Judiciary

Federal Judge May Have Made False Statements in Probe, Order Says


A judicial council order says U.S. District Judge Edward Nottingham “may have made false statements” to investigators during a misconduct inquiry.

The order by the Judicial Council of the Denver-based 10th U.S. Circuit Court of Appeals said it was dismissing misconduct complaints against Nottingham, the chief judge, because of his resignation, 9News.com reports. But the council’s new revelation could be intended for prosecutors so they could consider a perjury prosecution, law professors told the Denver Post.

The council’s order (PDF) said two special committees had investigated allegations that Nottingham had been a client of a prostitution business, misused his cell phone to call prostitutes, viewed pornography on his court computer and lied about it, lied during the investigation, asked a prostitute to lie to federal investigators, and misused his authority in a dispute over a parking place.

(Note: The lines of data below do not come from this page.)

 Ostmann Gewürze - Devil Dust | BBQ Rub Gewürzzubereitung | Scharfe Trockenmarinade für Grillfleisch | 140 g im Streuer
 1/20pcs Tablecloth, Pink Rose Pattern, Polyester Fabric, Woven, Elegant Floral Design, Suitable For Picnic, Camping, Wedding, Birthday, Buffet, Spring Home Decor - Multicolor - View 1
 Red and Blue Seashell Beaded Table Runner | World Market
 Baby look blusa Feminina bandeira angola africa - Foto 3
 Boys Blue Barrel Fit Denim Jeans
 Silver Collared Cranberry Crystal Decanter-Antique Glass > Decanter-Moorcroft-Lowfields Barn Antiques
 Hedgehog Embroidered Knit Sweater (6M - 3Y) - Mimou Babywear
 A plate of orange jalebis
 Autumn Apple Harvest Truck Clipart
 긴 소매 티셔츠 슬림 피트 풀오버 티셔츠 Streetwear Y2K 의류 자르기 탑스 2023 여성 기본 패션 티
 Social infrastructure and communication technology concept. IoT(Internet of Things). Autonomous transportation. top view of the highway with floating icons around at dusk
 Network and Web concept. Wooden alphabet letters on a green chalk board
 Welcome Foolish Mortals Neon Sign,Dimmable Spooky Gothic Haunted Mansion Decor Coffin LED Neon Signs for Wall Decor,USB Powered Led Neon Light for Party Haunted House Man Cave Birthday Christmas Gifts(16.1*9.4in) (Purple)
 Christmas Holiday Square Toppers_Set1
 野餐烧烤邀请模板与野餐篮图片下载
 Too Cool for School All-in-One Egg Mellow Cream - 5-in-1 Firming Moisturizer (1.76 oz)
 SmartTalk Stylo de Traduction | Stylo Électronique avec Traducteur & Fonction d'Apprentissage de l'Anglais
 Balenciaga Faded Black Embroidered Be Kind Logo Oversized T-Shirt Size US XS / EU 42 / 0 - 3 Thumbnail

University of Denver criminal law professor Justin Marceau told the Denver Post he was struck by the “punitive” tone of the council’s order. “All they had to do was issue an order ending the complaint,” but instead council members spent five pages outlining the allegations and highlighting concerns about the judge’s truthfulness, he said.

Marceau said the council may not have wanted to contact prosecutors because of separation of powers concerns, so it issued an order that is easy for prosecutors to review.

The story by 9News.com says Nottingham is being investigated by the Justice Department and by the ethics body that oversees Colorado lawyers.